Cheat sheet · No. V
Cron.
Five fields — minute through day-of-week — and a command. The traps are step syntax, the way day-of-month and day-of-week combine, and the timezone the daemon runs in.
The reference
# ┌──────── minute (0 - 59) # │ ┌────── hour (0 - 23) # │ │ ┌──── day-of-month (1 - 31) # │ │ │ ┌── month (1 - 12) # │ │ │ │ ┌ day-of-week (0 - 7) Sun = 0 or 7 # │ │ │ │ │ # * * * * * command-to-run
MODIFIERS
*- Every value
5,10,15- List of values
5-15- Range
*/15- Every 15 (units)
0-30/5- Step within range
SUN-SAT- Day-of-week names
JAN-DEC- Month names
PATTERNS
0 * * * *- Top of every hour
*/5 * * * *- Every 5 minutes
0 9 * * 1-5- 9am, weekdays
0 0 1 * *- Midnight, first of month
0 0 * * 0- Midnight, Sundays
@reboot- Once at startup
@daily- = 0 0 * * *
Field notes
Day fields are OR, not AND
0 0 13 * 5 runs on the 13th OR any Friday — not Friday the 13th.
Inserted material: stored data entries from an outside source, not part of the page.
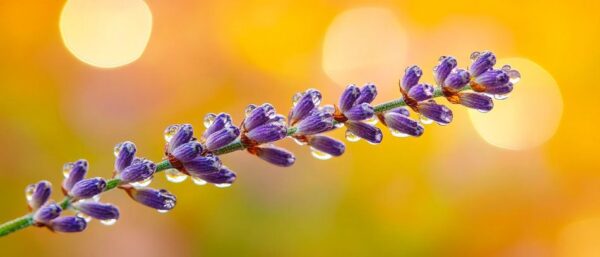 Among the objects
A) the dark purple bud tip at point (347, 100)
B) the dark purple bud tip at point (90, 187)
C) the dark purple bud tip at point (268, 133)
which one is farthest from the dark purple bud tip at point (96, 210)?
Result: the dark purple bud tip at point (347, 100)

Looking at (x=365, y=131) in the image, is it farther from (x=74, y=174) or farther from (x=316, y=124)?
(x=74, y=174)

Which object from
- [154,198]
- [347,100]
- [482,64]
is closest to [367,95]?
[347,100]

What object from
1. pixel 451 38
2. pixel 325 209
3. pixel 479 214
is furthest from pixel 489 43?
pixel 325 209

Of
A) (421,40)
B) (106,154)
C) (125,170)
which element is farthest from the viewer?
(421,40)

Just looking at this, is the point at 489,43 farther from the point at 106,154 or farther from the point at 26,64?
the point at 26,64

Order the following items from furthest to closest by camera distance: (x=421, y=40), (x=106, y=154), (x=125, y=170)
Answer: (x=421, y=40)
(x=106, y=154)
(x=125, y=170)

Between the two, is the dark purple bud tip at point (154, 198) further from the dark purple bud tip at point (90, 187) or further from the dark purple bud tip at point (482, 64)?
the dark purple bud tip at point (482, 64)

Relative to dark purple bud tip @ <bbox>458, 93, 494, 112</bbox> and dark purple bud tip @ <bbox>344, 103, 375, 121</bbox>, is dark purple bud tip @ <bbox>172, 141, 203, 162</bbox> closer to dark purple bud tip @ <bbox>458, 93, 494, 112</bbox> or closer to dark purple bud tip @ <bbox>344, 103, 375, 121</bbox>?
dark purple bud tip @ <bbox>344, 103, 375, 121</bbox> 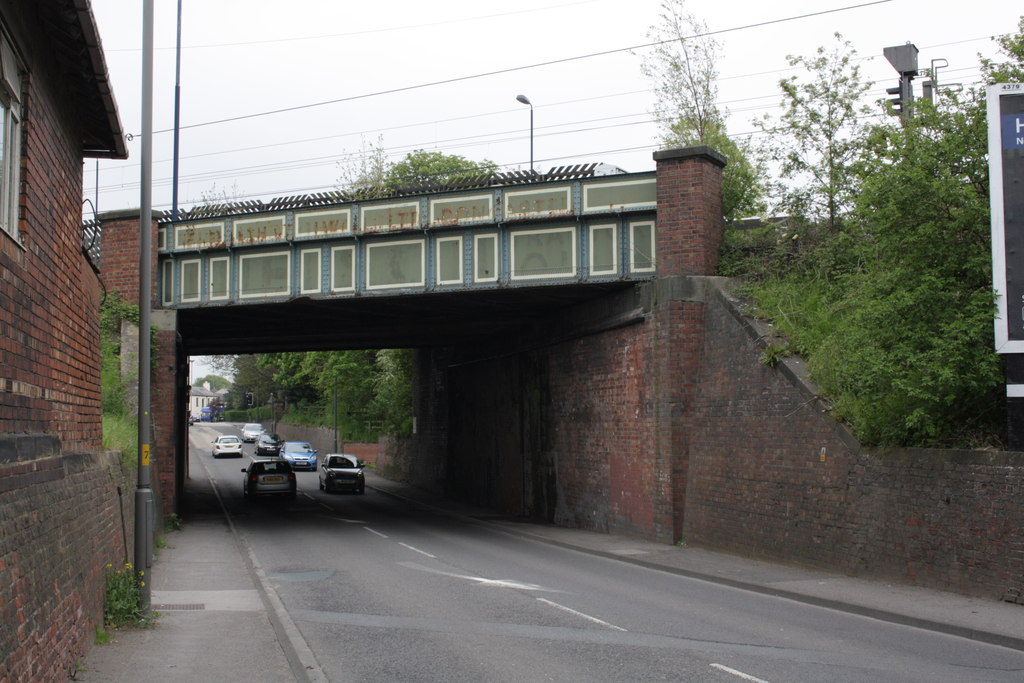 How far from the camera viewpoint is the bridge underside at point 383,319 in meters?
22.9

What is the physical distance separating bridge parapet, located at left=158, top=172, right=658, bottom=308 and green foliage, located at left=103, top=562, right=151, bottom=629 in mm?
11741

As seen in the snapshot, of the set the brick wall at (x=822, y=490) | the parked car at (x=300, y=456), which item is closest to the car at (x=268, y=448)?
the parked car at (x=300, y=456)

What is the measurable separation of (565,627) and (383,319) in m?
18.2

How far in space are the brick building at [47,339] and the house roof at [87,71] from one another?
0.02 metres

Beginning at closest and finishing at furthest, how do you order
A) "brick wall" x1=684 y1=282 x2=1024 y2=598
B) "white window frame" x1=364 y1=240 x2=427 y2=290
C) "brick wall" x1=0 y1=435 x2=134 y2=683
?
"brick wall" x1=0 y1=435 x2=134 y2=683 → "brick wall" x1=684 y1=282 x2=1024 y2=598 → "white window frame" x1=364 y1=240 x2=427 y2=290

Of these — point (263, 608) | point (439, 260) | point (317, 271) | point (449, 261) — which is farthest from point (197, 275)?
point (263, 608)

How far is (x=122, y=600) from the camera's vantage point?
35.4ft

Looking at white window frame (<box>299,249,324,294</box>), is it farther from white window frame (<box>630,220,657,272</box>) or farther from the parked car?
the parked car

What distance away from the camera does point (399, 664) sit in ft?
29.8

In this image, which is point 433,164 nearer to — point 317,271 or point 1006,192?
point 317,271

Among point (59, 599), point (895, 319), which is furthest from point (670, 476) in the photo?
point (59, 599)

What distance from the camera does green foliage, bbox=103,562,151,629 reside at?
10641 mm

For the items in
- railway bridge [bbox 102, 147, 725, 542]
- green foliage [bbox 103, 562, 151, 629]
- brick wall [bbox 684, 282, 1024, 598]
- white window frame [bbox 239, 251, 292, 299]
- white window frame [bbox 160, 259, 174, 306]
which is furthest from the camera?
white window frame [bbox 160, 259, 174, 306]

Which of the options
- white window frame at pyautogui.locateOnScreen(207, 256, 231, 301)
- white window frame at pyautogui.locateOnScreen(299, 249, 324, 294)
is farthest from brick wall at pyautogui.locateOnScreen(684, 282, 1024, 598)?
white window frame at pyautogui.locateOnScreen(207, 256, 231, 301) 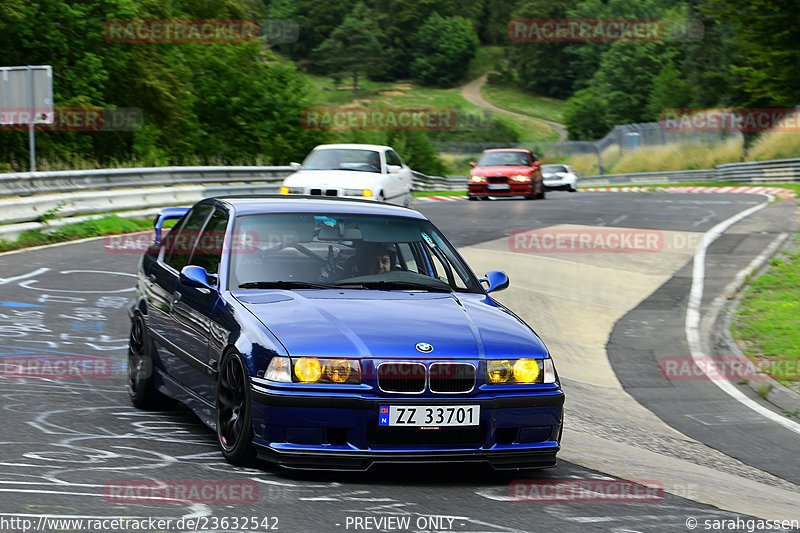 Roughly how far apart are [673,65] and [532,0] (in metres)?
56.5

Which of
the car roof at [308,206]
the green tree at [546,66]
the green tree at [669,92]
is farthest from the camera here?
the green tree at [546,66]

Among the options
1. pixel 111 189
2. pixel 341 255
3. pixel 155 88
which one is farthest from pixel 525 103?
pixel 341 255

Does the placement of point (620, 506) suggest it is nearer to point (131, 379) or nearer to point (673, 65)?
point (131, 379)

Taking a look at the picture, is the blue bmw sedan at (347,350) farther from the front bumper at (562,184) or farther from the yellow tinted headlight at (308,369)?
the front bumper at (562,184)

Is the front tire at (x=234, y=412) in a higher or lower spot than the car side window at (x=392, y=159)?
lower

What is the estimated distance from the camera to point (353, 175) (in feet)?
69.6

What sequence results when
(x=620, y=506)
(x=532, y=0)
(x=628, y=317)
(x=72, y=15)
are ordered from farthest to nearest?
(x=532, y=0), (x=72, y=15), (x=628, y=317), (x=620, y=506)

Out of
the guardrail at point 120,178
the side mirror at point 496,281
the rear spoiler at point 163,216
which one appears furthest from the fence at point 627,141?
the side mirror at point 496,281

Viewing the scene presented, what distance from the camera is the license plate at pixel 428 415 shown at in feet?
18.2

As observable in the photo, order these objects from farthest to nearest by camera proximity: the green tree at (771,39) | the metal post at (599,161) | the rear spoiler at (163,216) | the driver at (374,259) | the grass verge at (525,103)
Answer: the grass verge at (525,103) → the metal post at (599,161) → the green tree at (771,39) → the rear spoiler at (163,216) → the driver at (374,259)

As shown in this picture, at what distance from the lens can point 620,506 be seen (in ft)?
17.9

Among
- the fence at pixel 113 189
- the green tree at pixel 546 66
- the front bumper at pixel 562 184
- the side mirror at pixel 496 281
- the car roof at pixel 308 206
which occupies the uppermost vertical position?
the green tree at pixel 546 66

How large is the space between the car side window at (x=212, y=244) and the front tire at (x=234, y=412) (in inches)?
37.4

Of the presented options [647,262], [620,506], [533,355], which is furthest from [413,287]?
[647,262] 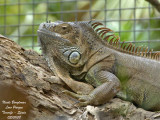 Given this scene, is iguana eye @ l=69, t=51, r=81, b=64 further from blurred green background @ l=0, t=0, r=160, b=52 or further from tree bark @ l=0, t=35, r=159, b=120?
blurred green background @ l=0, t=0, r=160, b=52

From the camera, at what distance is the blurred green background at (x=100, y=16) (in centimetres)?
706

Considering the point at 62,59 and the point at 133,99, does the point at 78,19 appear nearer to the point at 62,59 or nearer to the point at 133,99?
the point at 62,59

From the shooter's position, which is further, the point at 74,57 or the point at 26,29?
the point at 26,29

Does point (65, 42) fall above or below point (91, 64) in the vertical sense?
above

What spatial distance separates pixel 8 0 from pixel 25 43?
2.48 m

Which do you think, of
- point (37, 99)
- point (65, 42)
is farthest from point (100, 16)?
point (37, 99)

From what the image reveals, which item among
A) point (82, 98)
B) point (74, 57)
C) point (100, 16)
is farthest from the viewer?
point (100, 16)

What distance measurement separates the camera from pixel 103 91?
14.3ft

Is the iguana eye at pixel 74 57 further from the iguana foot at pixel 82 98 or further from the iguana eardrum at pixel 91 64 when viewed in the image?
the iguana foot at pixel 82 98

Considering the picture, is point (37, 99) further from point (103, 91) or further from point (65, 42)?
point (65, 42)

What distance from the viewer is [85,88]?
4559 millimetres

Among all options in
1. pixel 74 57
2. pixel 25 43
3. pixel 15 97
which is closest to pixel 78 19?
pixel 74 57

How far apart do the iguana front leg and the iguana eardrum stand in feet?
0.08

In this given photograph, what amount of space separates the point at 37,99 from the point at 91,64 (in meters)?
1.09
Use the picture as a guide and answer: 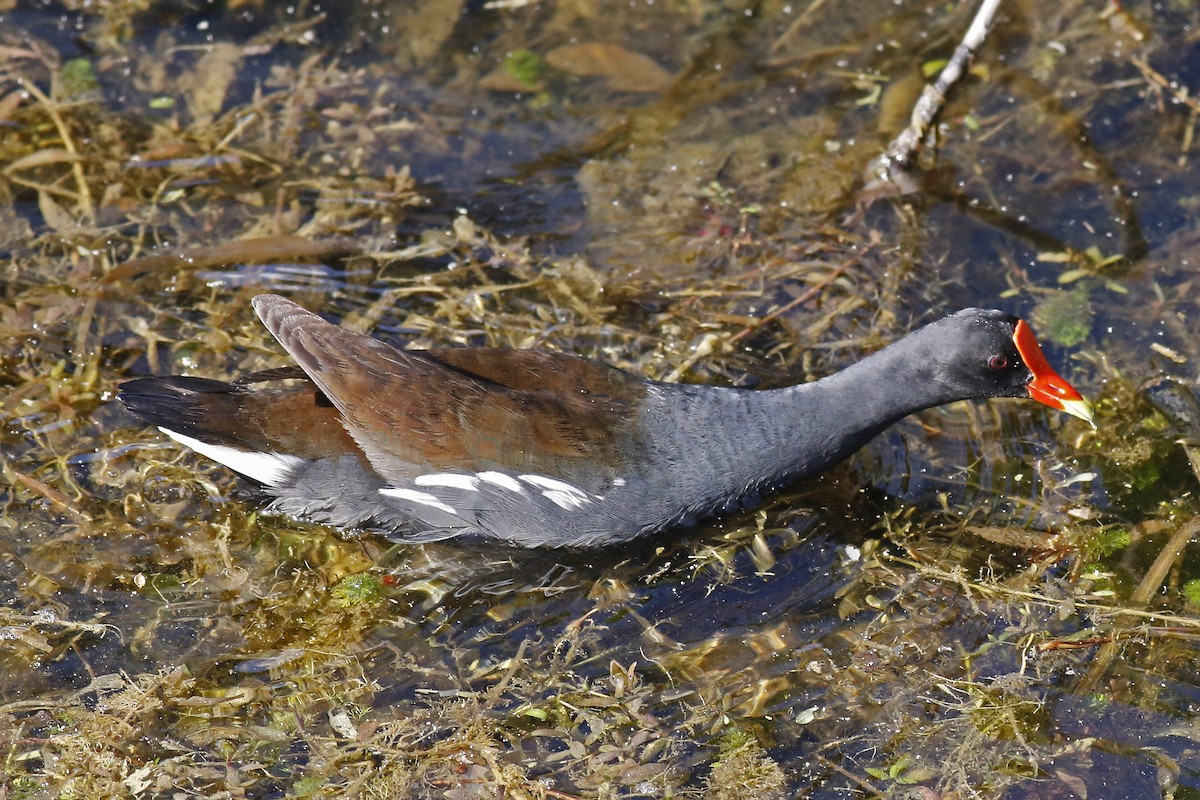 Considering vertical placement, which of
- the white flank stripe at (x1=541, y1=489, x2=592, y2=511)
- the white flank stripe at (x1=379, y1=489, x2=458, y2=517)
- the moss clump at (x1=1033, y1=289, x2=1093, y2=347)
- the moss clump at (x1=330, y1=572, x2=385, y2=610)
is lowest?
the moss clump at (x1=330, y1=572, x2=385, y2=610)

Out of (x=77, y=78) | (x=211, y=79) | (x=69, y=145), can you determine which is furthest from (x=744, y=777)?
(x=77, y=78)

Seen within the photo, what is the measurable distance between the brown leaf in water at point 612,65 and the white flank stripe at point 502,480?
2.55 metres

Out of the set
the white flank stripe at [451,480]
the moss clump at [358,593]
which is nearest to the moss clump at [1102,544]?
the white flank stripe at [451,480]

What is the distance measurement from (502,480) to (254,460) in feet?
2.62

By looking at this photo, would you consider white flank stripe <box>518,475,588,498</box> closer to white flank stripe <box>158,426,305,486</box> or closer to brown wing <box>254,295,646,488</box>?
brown wing <box>254,295,646,488</box>

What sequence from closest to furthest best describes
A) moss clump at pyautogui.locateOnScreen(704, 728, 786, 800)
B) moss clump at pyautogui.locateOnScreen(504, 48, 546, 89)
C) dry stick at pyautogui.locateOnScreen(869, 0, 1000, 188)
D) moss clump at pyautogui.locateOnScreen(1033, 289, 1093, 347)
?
moss clump at pyautogui.locateOnScreen(704, 728, 786, 800)
moss clump at pyautogui.locateOnScreen(1033, 289, 1093, 347)
dry stick at pyautogui.locateOnScreen(869, 0, 1000, 188)
moss clump at pyautogui.locateOnScreen(504, 48, 546, 89)

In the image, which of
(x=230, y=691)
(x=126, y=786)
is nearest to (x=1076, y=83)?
(x=230, y=691)

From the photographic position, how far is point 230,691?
3426 millimetres

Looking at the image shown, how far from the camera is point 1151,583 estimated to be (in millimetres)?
3756

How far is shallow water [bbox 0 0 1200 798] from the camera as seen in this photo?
3.37 metres

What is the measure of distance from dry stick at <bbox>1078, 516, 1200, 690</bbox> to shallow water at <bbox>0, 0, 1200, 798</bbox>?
0.05ft

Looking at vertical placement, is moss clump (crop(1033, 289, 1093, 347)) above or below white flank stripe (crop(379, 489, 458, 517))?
above

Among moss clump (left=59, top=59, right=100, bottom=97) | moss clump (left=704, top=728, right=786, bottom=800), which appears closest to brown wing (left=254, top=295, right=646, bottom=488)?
moss clump (left=704, top=728, right=786, bottom=800)

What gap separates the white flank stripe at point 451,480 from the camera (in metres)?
3.60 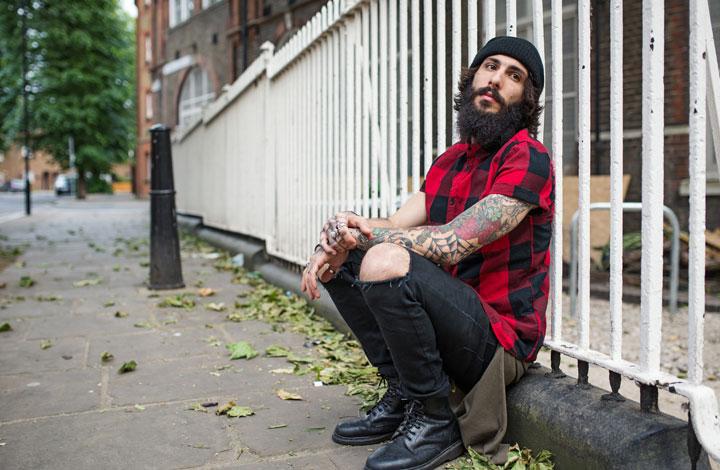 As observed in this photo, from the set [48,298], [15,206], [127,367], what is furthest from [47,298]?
[15,206]

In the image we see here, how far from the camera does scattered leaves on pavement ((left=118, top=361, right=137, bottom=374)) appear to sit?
3.52 metres

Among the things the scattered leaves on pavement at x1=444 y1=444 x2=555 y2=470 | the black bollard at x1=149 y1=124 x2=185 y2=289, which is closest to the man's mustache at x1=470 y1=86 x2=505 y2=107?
the scattered leaves on pavement at x1=444 y1=444 x2=555 y2=470

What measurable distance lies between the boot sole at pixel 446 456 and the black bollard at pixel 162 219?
4.27 m

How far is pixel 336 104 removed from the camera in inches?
189

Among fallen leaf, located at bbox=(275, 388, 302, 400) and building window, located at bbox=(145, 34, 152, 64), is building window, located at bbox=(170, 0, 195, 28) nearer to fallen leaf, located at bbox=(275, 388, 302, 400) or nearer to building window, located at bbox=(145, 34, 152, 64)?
building window, located at bbox=(145, 34, 152, 64)

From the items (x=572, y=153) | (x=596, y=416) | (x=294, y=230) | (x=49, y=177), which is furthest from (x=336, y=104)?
(x=49, y=177)

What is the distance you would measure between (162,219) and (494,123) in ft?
14.4

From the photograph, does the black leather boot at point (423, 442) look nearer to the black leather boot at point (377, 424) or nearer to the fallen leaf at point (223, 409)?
the black leather boot at point (377, 424)

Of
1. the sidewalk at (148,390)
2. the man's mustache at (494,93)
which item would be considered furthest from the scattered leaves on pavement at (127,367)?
the man's mustache at (494,93)

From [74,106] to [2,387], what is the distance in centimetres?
3529

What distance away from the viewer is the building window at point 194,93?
1025 inches

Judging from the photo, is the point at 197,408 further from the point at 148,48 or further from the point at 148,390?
the point at 148,48

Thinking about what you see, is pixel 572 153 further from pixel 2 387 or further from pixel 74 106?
pixel 74 106

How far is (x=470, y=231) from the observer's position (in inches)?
88.2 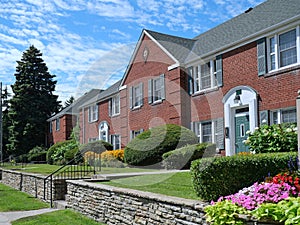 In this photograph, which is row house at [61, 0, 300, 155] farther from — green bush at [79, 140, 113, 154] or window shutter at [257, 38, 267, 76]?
green bush at [79, 140, 113, 154]

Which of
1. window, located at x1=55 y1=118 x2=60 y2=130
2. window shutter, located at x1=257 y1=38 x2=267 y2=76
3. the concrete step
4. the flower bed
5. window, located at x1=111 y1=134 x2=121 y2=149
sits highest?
window shutter, located at x1=257 y1=38 x2=267 y2=76

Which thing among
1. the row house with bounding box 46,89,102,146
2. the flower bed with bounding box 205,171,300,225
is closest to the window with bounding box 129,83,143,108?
the row house with bounding box 46,89,102,146

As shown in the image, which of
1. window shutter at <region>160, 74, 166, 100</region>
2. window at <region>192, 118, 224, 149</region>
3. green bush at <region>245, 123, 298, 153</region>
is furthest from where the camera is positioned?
window shutter at <region>160, 74, 166, 100</region>

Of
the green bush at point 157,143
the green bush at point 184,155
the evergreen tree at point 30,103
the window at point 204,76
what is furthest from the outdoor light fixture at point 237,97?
the evergreen tree at point 30,103

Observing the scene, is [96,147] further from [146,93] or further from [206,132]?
[206,132]

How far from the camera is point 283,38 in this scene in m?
14.6

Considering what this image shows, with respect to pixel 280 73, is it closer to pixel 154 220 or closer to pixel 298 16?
pixel 298 16

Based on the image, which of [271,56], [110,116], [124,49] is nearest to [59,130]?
[110,116]

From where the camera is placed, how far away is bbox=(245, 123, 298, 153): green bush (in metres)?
11.5

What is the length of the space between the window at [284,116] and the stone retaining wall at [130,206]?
307 inches

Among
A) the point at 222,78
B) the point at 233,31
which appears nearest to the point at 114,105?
the point at 233,31

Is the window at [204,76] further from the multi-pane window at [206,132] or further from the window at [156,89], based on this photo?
the window at [156,89]

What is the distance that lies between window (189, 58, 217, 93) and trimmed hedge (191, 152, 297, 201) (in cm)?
1140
When both day fields are set, either match fires.
Steps count from zero
*/15 means every 15 units starting at 0 — :00, :15, :30, :45 — not "every 15 minutes from now".
Mind the timezone
Cron uses the daemon timezone, often UTC. Daylight-saving transitions can skip a run or fire it twice.
Prefer the shortcuts
@daily and @reboot read far clearer than 0 0 * * * — use them whenever the schedule is a standard one.